Data for analysis Block Start

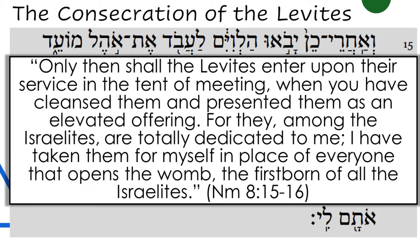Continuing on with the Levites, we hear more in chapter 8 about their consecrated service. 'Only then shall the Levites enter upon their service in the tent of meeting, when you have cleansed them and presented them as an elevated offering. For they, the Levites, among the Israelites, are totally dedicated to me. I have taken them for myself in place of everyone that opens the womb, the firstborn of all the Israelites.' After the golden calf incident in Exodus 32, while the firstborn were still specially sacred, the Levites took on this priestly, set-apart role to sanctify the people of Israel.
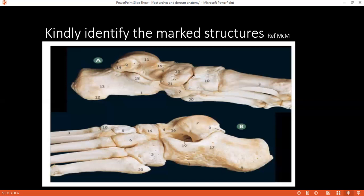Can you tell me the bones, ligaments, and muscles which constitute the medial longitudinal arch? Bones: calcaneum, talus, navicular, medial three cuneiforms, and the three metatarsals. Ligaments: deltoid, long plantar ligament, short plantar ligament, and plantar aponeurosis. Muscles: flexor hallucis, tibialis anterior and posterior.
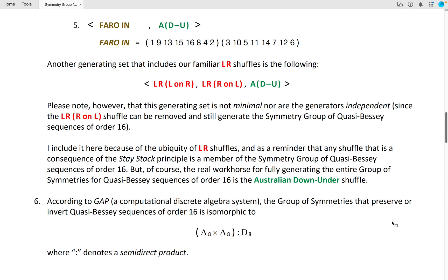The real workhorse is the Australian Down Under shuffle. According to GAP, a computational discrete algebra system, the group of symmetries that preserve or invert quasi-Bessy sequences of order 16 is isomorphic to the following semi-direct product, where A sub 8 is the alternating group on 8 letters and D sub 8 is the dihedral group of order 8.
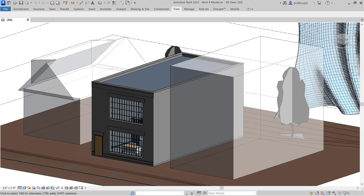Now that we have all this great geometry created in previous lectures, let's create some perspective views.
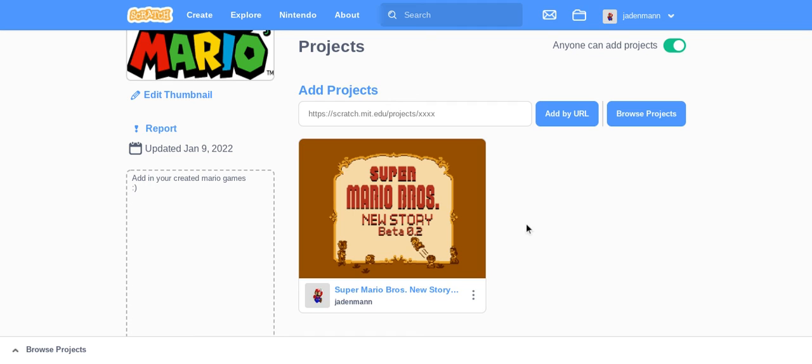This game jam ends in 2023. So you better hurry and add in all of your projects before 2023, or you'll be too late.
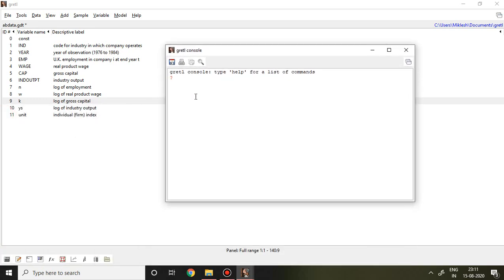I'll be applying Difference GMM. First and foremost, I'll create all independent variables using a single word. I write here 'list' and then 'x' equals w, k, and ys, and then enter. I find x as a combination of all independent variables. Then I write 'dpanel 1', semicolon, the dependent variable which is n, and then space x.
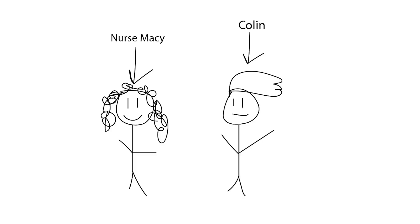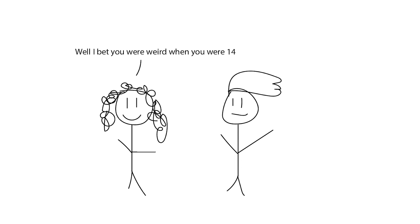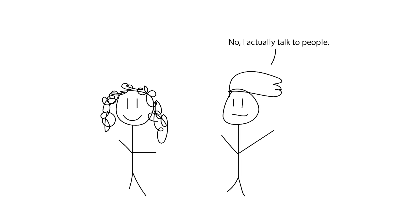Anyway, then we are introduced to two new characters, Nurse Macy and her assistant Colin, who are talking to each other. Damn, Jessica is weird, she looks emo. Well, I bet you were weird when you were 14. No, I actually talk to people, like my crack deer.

Data for analysis Block End

Give an exact copy of the data, and omit any pictures it holds.

Continuing on with the Levites, we hear more in chapter 8 about their consecrated service. 'Only then shall the Levites enter upon their service in the tent of meeting, when you have cleansed them and presented them as an elevated offering. For they, the Levites, among the Israelites, are totally dedicated to me. I have taken them for myself in place of everyone that opens the womb, the firstborn of all the Israelites.' After the golden calf incident in Exodus 32, while the firstborn were still specially sacred, the Levites took on this priestly, set-apart role to sanctify the people of Israel.
Can you tell me the bones, ligaments, and muscles which constitute the medial longitudinal arch? Bones: calcaneum, talus, navicular, medial three cuneiforms, and the three metatarsals. Ligaments: deltoid, long plantar ligament, short plantar ligament, and plantar aponeurosis. Muscles: flexor hallucis, tibialis anterior and posterior.
The real workhorse is the Australian Down Under shuffle. According to GAP, a computational discrete algebra system, the group of symmetries that preserve or invert quasi-Bessy sequences of order 16 is isomorphic to the following semi-direct product, where A sub 8 is the alternating group on 8 letters and D sub 8 is the dihedral group of order 8.
Now that we have all this great geometry created in previous lectures, let's create some perspective views.
This game jam ends in 2023. So you better hurry and add in all of your projects before 2023, or you'll be too late.
I'll be applying Difference GMM. First and foremost, I'll create all independent variables using a single word. I write here 'list' and then 'x' equals w, k, and ys, and then enter. I find x as a combination of all independent variables. Then I write 'dpanel 1', semicolon, the dependent variable which is n, and then space x.
Anyway, then we are introduced to two new characters, Nurse Macy and her assistant Colin, who are talking to each other. Damn, Jessica is weird, she looks emo. Well, I bet you were weird when you were 14. No, I actually talk to people, like my crack deer.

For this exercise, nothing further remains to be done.